▶ _WHAT IS BEING ASKED_: Starting at the first line of the records below, transcribe each line exactly, ending with the line that contains "Dexter Duchesne".
+++ INFORMATION GIVEN
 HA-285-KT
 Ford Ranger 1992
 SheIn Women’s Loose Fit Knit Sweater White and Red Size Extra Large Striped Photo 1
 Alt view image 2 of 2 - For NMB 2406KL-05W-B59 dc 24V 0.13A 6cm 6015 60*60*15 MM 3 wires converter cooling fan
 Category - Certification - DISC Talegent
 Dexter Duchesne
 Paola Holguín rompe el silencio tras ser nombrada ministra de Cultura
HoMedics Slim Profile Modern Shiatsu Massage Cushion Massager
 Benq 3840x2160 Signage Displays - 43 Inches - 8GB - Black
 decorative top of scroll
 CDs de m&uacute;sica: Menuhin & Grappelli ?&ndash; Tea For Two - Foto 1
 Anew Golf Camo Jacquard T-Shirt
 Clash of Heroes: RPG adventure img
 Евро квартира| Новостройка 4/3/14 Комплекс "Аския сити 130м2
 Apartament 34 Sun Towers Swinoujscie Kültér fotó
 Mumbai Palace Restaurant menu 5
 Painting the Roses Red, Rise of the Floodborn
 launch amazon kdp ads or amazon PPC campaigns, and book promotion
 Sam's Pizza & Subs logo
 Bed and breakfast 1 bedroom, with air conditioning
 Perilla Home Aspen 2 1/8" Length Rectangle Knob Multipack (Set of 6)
++++++
▶ _WRITTEN SOLUTION_:
 HA-285-KT
 Ford Ranger 1992
 SheIn Women’s Loose Fit Knit Sweater White and Red Size Extra Large Striped Photo 1
 Alt view image 2 of 2 - For NMB 2406KL-05W-B59 dc 24V 0.13A 6cm 6015 60*60*15 MM 3 wires converter cooling fan
 Category - Certification - DISC Talegent
 Dexter Duchesne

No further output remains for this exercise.